34.9 Special Considerations for Zero-Valued Outcomes

For outcomes that take zero values, log transformations can introduce interpretation issues. Specifically, the coefficient on a log-transformed outcome does not directly represent a percentage change (J. Chen and Roth 2023). We have to distinguish the treatment effect on the intensive (outcome: 10 to 11) vs. extensive margins (outcome: 0 to 1), and we can’t readily interpret the treatment coefficient of log-transformed outcome regression as percentage change. In such cases, researchers use alternative methods:

34.9.1 Proportional LATE Estimation

When dealing with zero-valued outcomes, direct log transformations can lead to interpretation issues. To obtain an interpretable percentage change in the outcome due to treatment among compliers, we estimate the proportional Local Average Treatment Effect (LATE), denoted as \(\theta_{ATE\%}\).

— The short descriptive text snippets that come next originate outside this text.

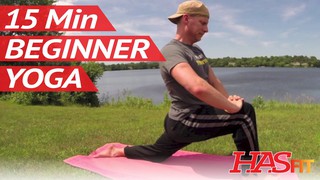 15 Min Yoga for Beginners w/ Sean Vigue - Beginner Yoga for Weight Loss, ...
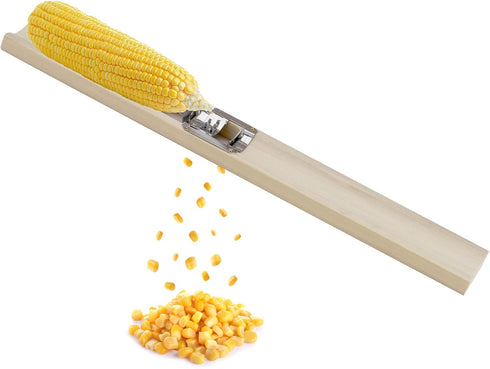 Harold Import Company 101-p Lee Adjustable Wooden Corn Cutter
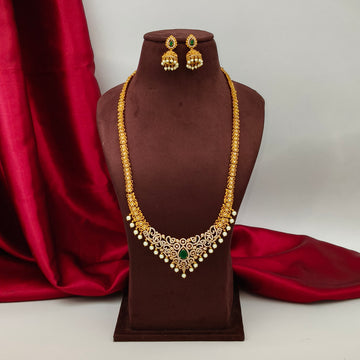 Elegant American Diamond-Long Necklace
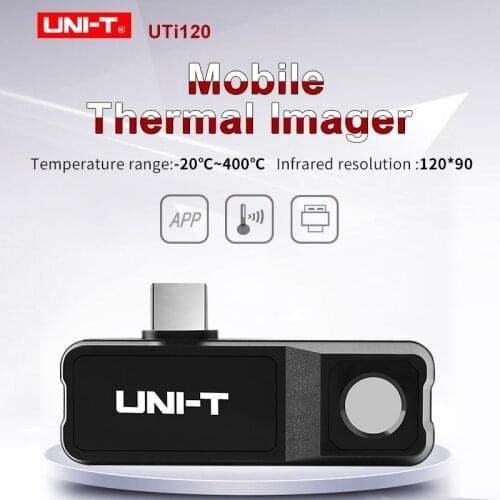 UNI-T UTi120 Thermal Camera Android Mobile Phone Thermal Imager Water Pipe Floor Heating/electronic Component -20~400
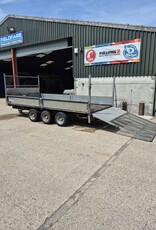 Used Ifor Williams LM146G3 Tri Axle Platform Trailer, Sides, Ramp Tailgate and Options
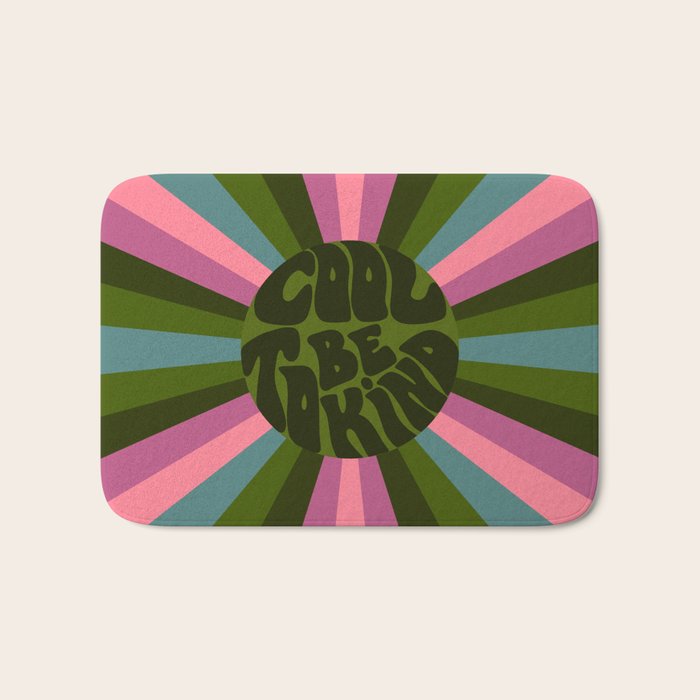 Cool to be Kind  Bath Mat Gallery Image 1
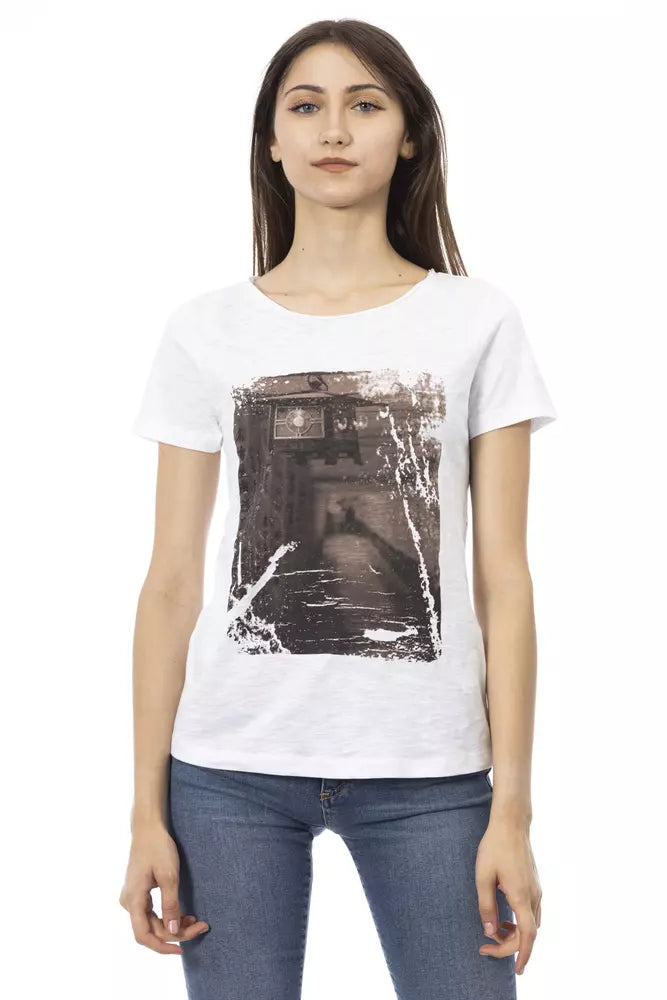 Trussardi Action - White Cotton Tops &amp; T-Shirt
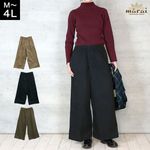 ワイドパンツ 綿100％ ツイル レディース メンズ 大きいサイズ M L LL 3L 4L ウエストゴム ゆったり 体型カバー 春 夏 秋 冬 通年 オールシーズン 男女兼用 オンオフ兼用 きれいめ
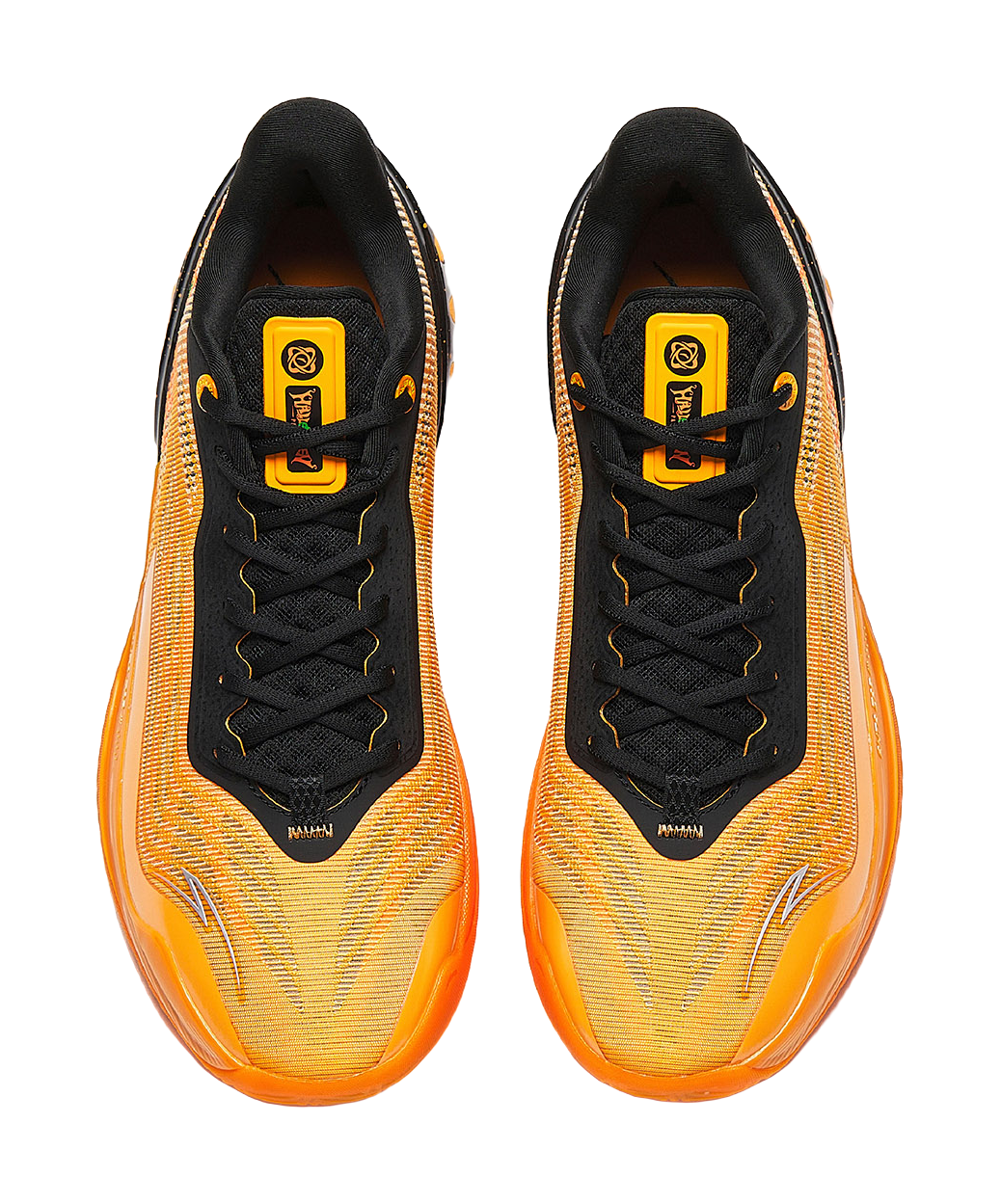 Anta Zap 3 Cushioning, Wear Resistant Low top Basketball Shoes Mens Black Orange  VJSNEAKER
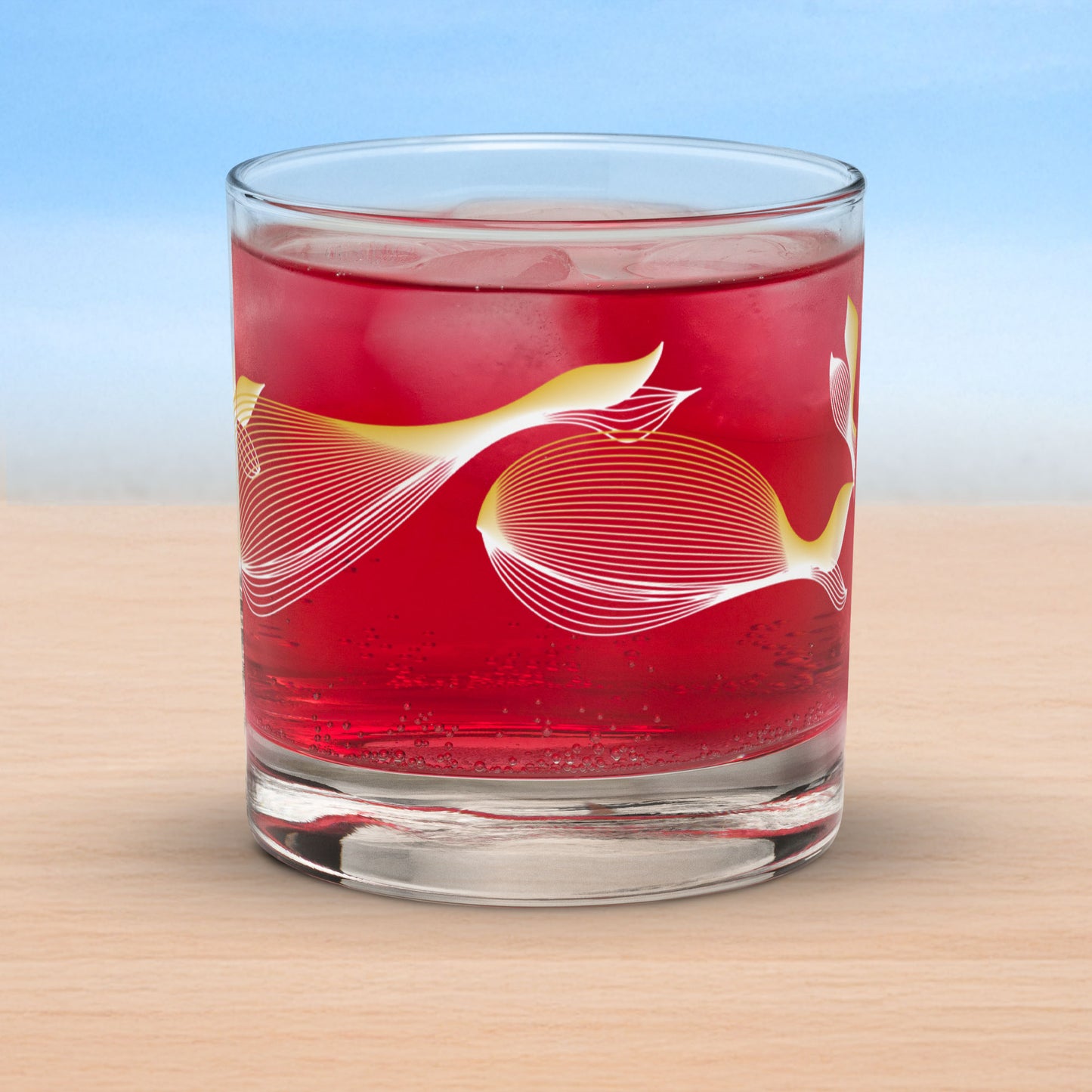 Art-crafted Whales Rocks Glass Collection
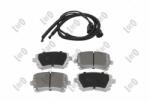 ABAKUS set placute frana, frana disc ABAKUS 231-02-109 (231-02-109)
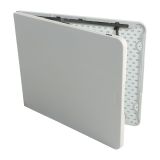 ZLOŽLJIVA MIZA 183X76X74CM, VRHUNSKA DELA HDPE BEL-GRANIT, SIVO JEKLENO OKVIRJE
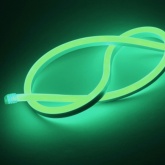 Светодиодная неоновая LED лента ЭРА N2835-120-IP67-220V-20m-G зеленый длина 20м 042409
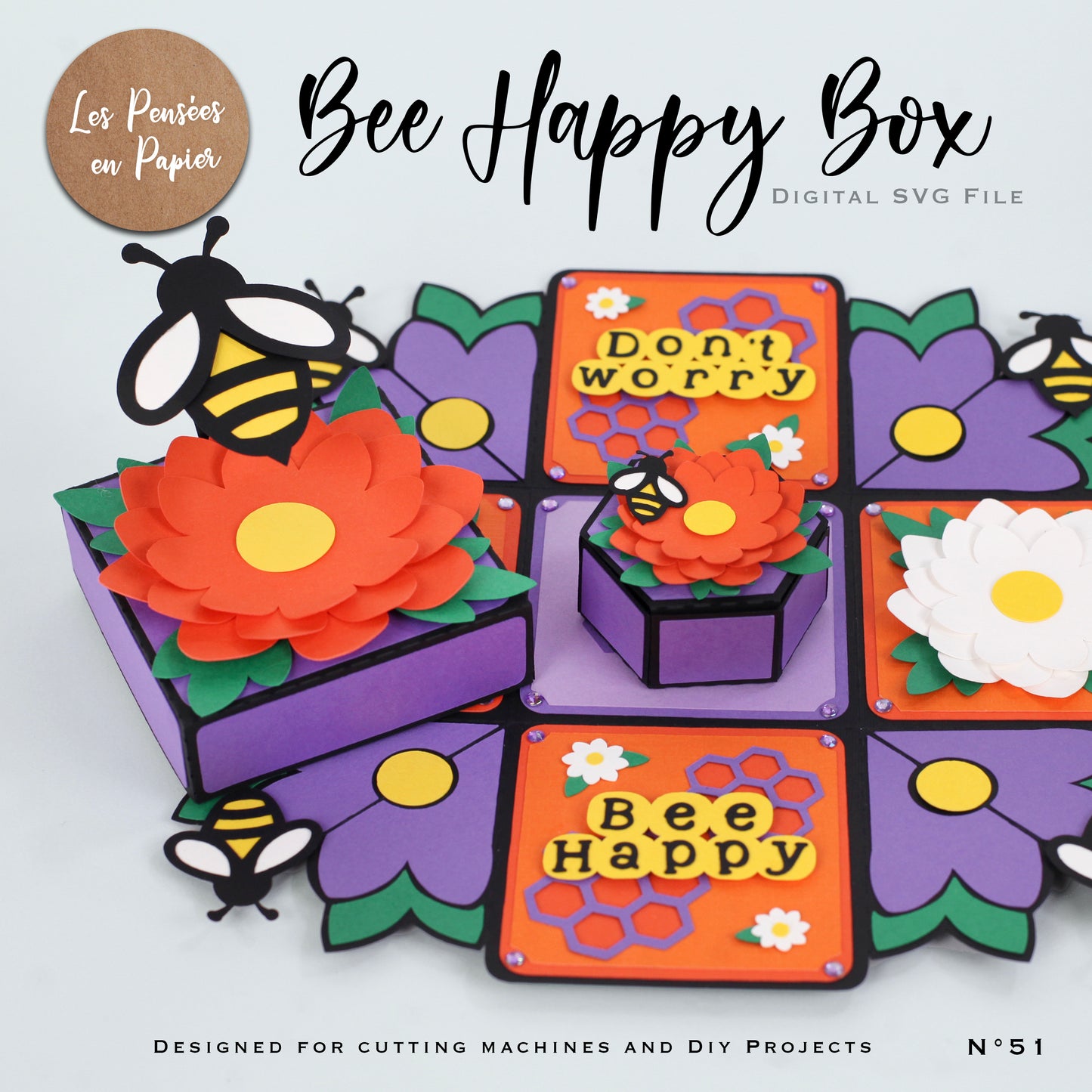 BEE HAPPY BOX - SVG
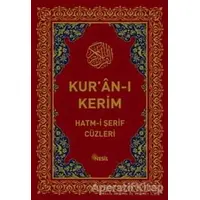 Kur’an-Kerim Hatm-i Şerif Cüzleri (Kutulu) - Kolektif - Nesil Yayınları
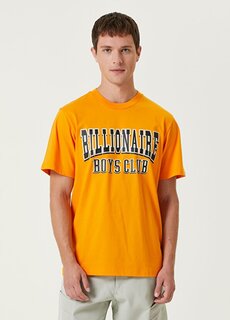 Оранжевая футболка с логотипом Billionaire Boys Club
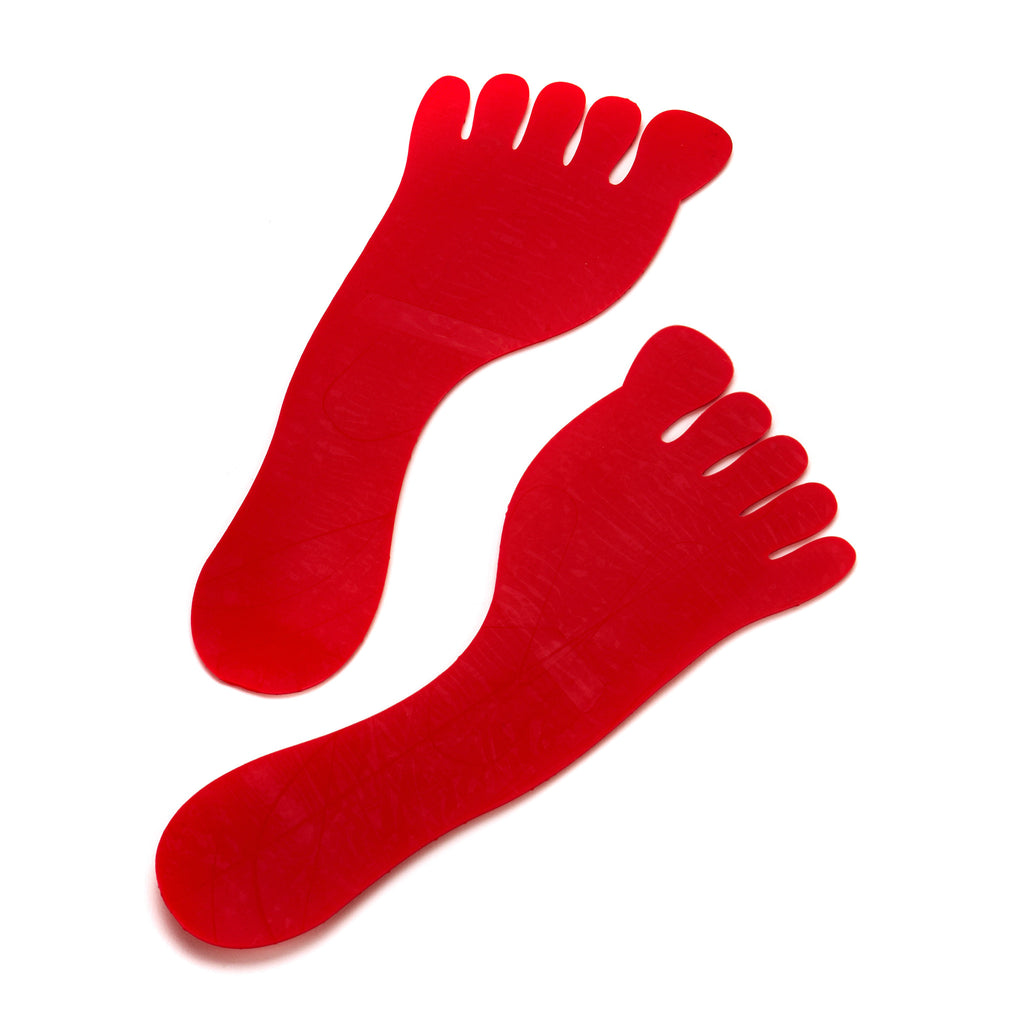Pair of Early Years Red Feet flat sports markers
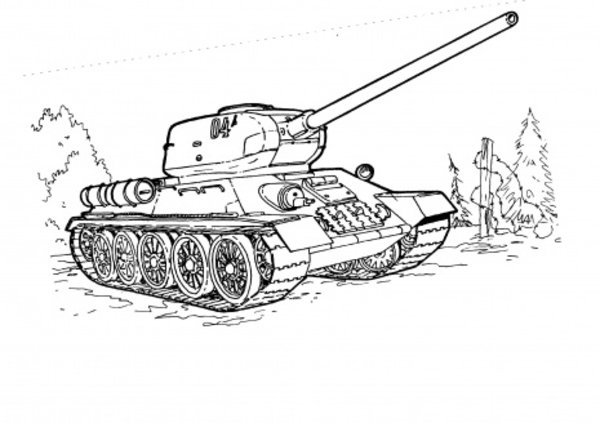Malvorlage: Panzer (Transport) #138027 - Kostenlose Malvorlagen zum Ausdrucken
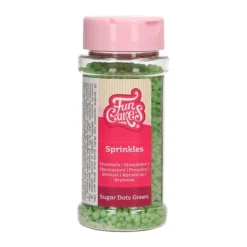 Bolitas de azúcar verdes 80 g - Funcakes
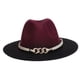 thumbnail image 5 of Sombrero Fedora Fernando Sombrero de fieltro estilo Retro bicolor, 5 of 8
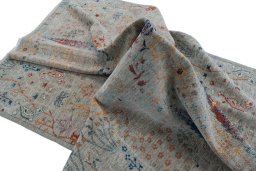 Close-up detail of New Haj-jalili rug from Pakistan showing Wool weave
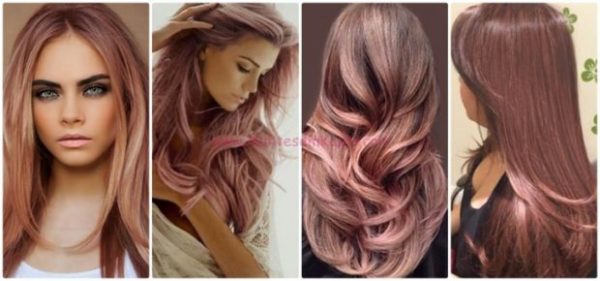 rosa colore capelli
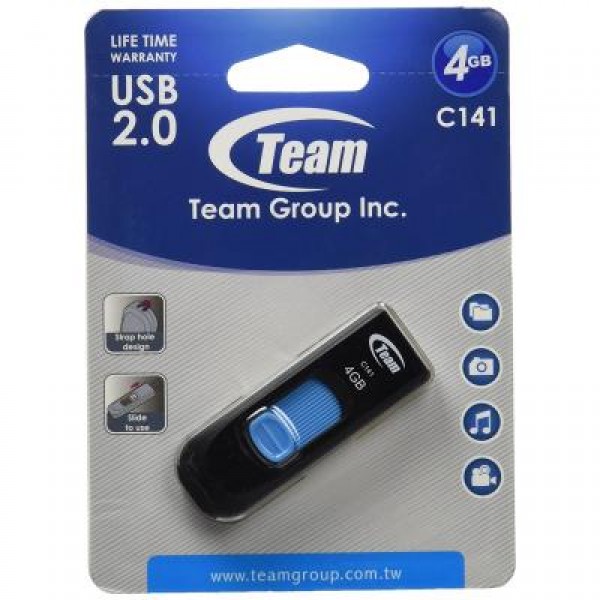 Флешка Team 4GB C141 Blue USB 2.0 (TC1414GL01)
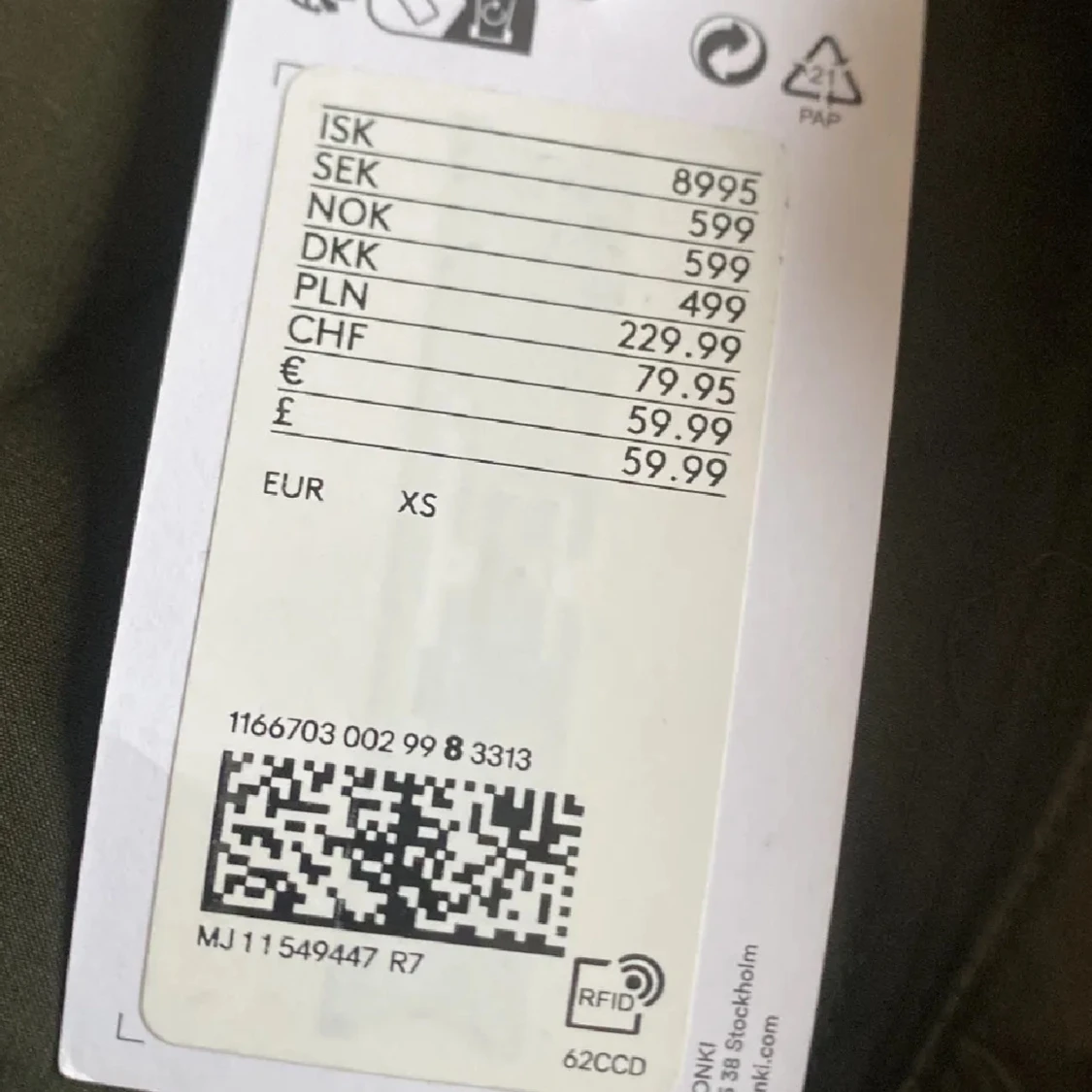 Grön quiltad jacka - 1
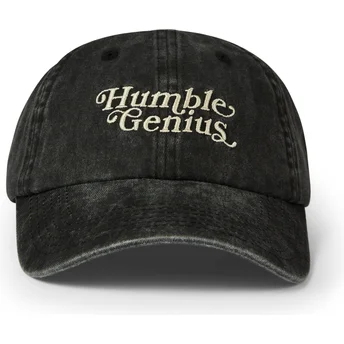 Pica Pica Извита Козирка Humble Genius Измита Черна Регулируема Шапка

Steps to Estimate Proportional LATE:

  1. Estimate LATE using 2SLS:

    We first estimate the treatment effect using a standard Two-Stage Least Squares regression: \[ Y_i = \beta D_i + X_i + \epsilon_i, \] where:

    • \(D_i\) is the endogenous treatment variable.
    • \(X_i\) includes any exogenous controls.
    • \(\beta\) represents the LATE in levels for the mean of the control group’s compliers.
  2. Estimate the control complier mean (\(\beta_{cc}\)):

    Using the same 2SLS setup, we estimate the control mean for compliers by transforming the outcome variable (Abadie, Angrist, and Imbens 2002): \[ Y_i^{CC} = -(D_i - 1) Y_i. \] The estimated coefficient from this regression, \(\beta_{cc}\), captures the mean outcome for compliers in the control group.

  3. Compute the proportional LATE:

    The estimated proportional LATE is given by: \[ \theta_{ATE\%} = \frac{\hat{\beta}}{\hat{\beta}_{cc}}, \] which provides a direct percentage change interpretation for the outcome among compliers induced by the instrument.

  4. Obtain standard errors via non-parametric bootstrap:

    Since \(\theta_{ATE\%}\) is a ratio of estimated coefficients, standard errors are best obtained using non-parametric bootstrap methods.

  5. Special case: Binary instrument

    If the instrument is binary, \(\theta_{ATE\%}\) for the intensive margin of compliers can be directly estimated using Poisson IV regression (ivpoisson in Stata).

34.9.2 Bounds on Intensive-Margin Effects

Lee (2009) proposed a bounding approach for intensive-margin effects, assuming that compliers always have positive outcomes regardless of treatment (i.e., intensive-margin effect). These bounds help estimate treatment effects without relying on log transformations. However, this requires a monotonicity assumption for compliers where they should still have positive outcome regardless of treatment status.

References

Abadie, Alberto, Joshua Angrist, and Guido Imbens. 2002. “Instrumental Variables Estimates of the Effect of Subsidized Training on the Quantiles of Trainee Earnings.” Econometrica 70 (1): 91–117.
Chen, Jiafeng, and Jonathan Roth. 2023. “Logs with Zeros? Some Problems and Solutions.” The Quarterly Journal of Economics, qjad054.
Lee, David S. 2009. “Training, Wages, and Sample Selection: Estimating Sharp Bounds on Treatment Effects.” The Review of Economic Studies, 1071–1102.